János Szabadics and Ivan Soltesz

Department of Anatomy and Neurobiology, University of California, Irvine, Irvine, California 92697

Correspondence should be addressed to Dr. János Szabadics, Department of Anatomy and Neurobiology, University of California, Irvine, 193 Irvine Hall, Irvine, CA 92697-1280. Email: szabadics.janos{at}uci.edu

One million mossy fibers in the rat provide individually sparse but functionally important synaptic connections between the dentate gyrus and hippocampus. Although the majority of mossy fiber targets are GABAergic cells, the functional organization of the feedforward GABAergic machinery modulating the interactions of granule cells and CA3 pyramidal cells are not yet understood. We used mossy fiber bouton to GABA neuron paired recordings in the CA3 to demonstrate that mossy fibers provide cell type-specific innervation to distinct GABAergic neurons with specialized intra- and extrahippocampal outputs. Our results show that mossy fibers contact the perisomatically projecting fast-spiking and regular-spiking basket cells, in addition to the dendritically projecting ivy cells, and the septum-projecting spiny stratum lucidum cells. Monosynaptic mossy fiber inputs to fast-spiking basket cells and spiny stratum lucidum cells were found to be numerous, but they were small in amplitude and displayed low transmission probabilities. In contrast, regular-spiking basket cells and ivy cells were less likely to be innervated by mossy fibers, but the amplitudes of mossy fiber EPSCs were large and the transmission probabilities were high.

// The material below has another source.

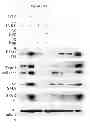 Fig. 24 - Treatment and prevention of diffuse parenchymal lung disease by selective active-site mTOR inhibitors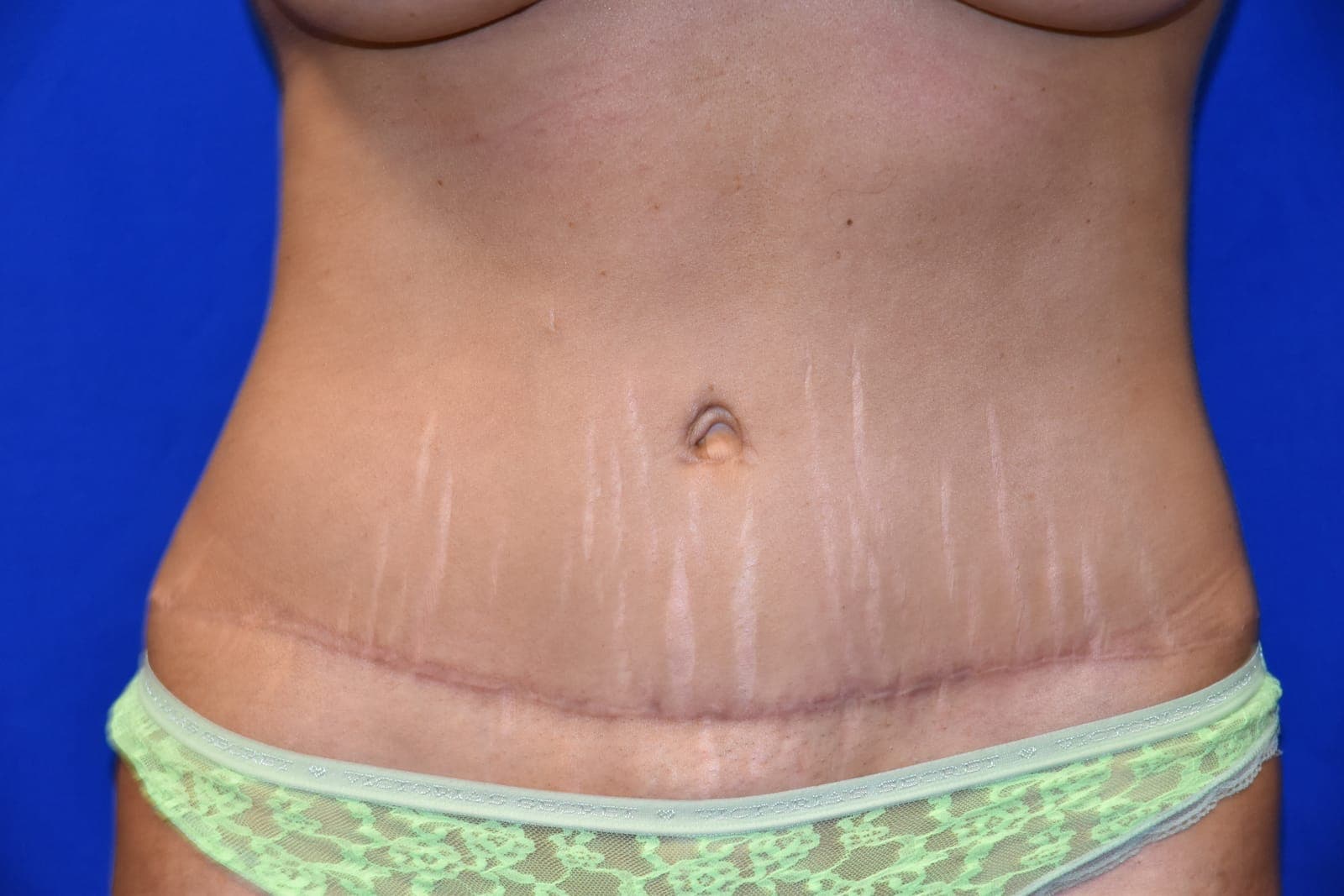 Tummy Tuck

The dependence of the numbers and strengths of the mossy fiber inputs to CA3 GABAergic cells on the postsynaptic cell type was correlated with the frequency of the background synaptic events, so that cells with weak but numerous mossy fiber inputs received high rates of spontaneous synaptic events. Together, these results reveal the diverse components and high degree of functional specificity of the GABAergic cellular machinery underlying the dentate gyrus–CA3 interface.


Received Nov. 6, 2008; revised Feb. 5, 2009; accepted March 2, 2009.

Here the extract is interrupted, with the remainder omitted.